NVIDIA DGX-1 CLUSTER – SUPERCOMPUTER EDUCATION AND RESEARCH CENTRE

Introduction:

The NVIDIA DGX-1 is a deep learning system, architected for high throughput and high interconnect bandwidth to maximize neural network training performance. The core of the system is a complex of Eight Tesla V100 GPUs connected in the hybrid cube-mesh NVLink network topology. In addition to the eight GPUs, DGX-1 includes two CPUs for boot, storage management, and deep learning framework coordination. DGX-1 is built into a three-rack-unit (3U) enclosure that provides power, cooling, network, multi-system interconnect, and SSD file system cache, balanced to optimize throughput and deep learning training time.

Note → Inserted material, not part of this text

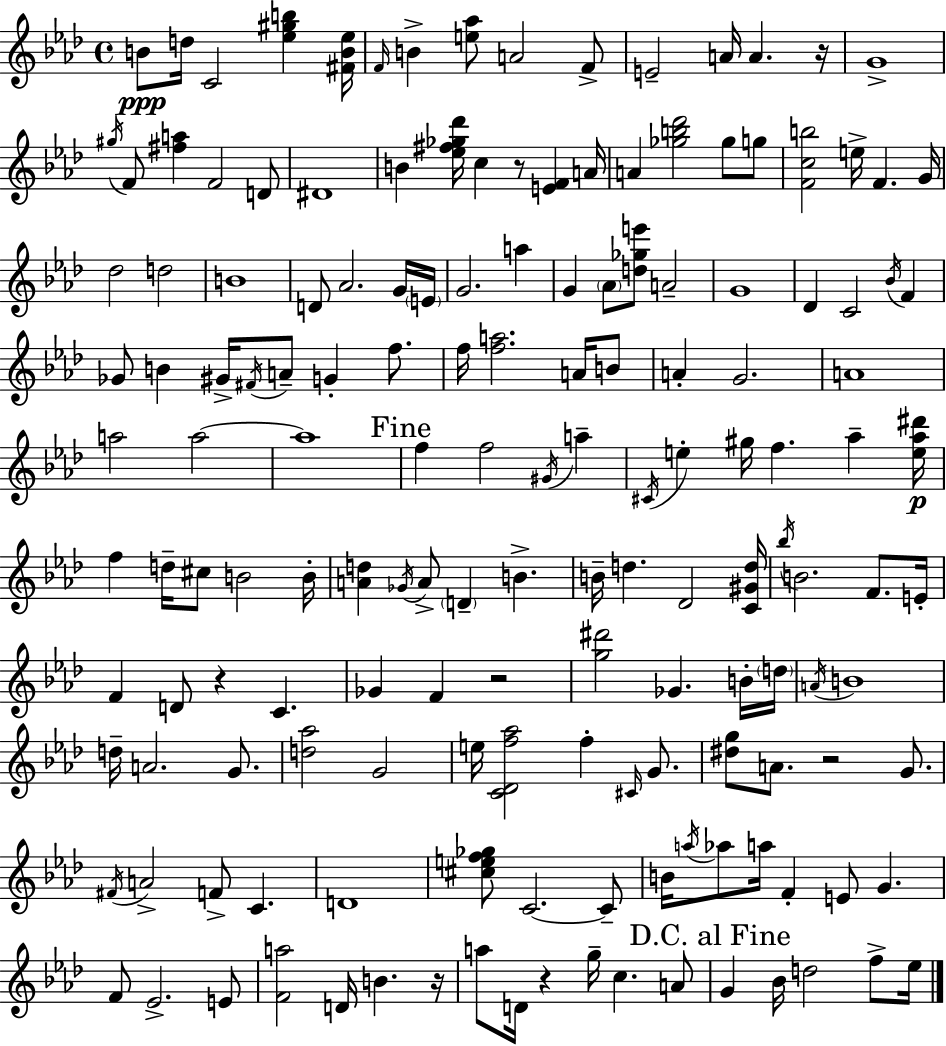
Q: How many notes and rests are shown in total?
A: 158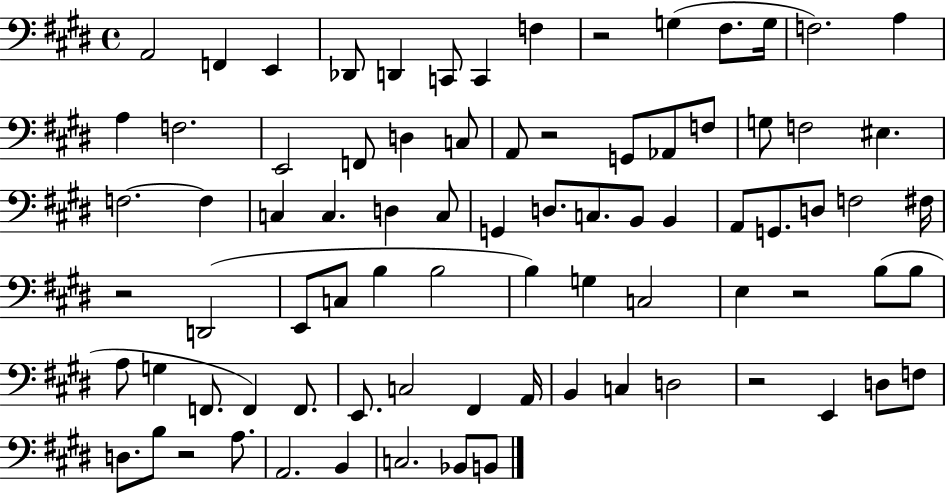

NVLink is an energy-efficient, high-bandwidth interconnect that enables NVIDIA GPUs to connect to peer GPUs or other devices within a node at an aggregate bi-directional bandwidth of up to 300 GB/s per GPU: over nine times that of current PCIe Gen3 x16 interconnections. The NVLink interconnect and the DGX-1 architecture’s hybrid cube-mesh GPU network topology enables the highest achievable data-exchange bandwidth between a group of eight Tesla V100 GPUs.

Vendors:

OEM – NVIDIA Corporations.

Authorized seller – LOCUZ Enterprise Solutions Ltd

Hardware Overview:

GPUs – 8 x Tesla V100
GPU Memory – 256 GB total system
CPU – Dual 20-core Intel Xeon E5-2698 v4 2.2 GHz
NVIDIA CUDA cores – 40,960
NVIDIA Tensor cores (on V100 based systems) – 5,120
System Memory – 512 GB 2.133 GHz DDR4 RDIMM
Storage – 4 x 1.92 TB SSD RAID-0
Network – Dual 10 GbE

Click here to view DGX Usage Statistics in Graphical view

Performance – 1 Peta FLOPS.[Mixed Precision] ? Read More

TESLA V100 GPU (NV-LINK) Performance	Single V100 GPU	*TOTAL ( 8 V100 GPU)**
Single Precision	Up to 7.8 TFLOPS	Up to 62.4 TFLOPS
Double Precision	Up to 15.7 TFLOPS	Up to 125.6 TFLOPS
Deep Learning(Mixed Precision)	Up to 125 TFLOPS	Up to 1 PFLOPS

Software Overview:

Ubuntu 16.04 Linux OS – Linux x86_64 Platform

Deep Learning Frameworks

Softwares

Job submission System

NOTE :

“Running jobs without SLURM will lead to blocking of the computational account”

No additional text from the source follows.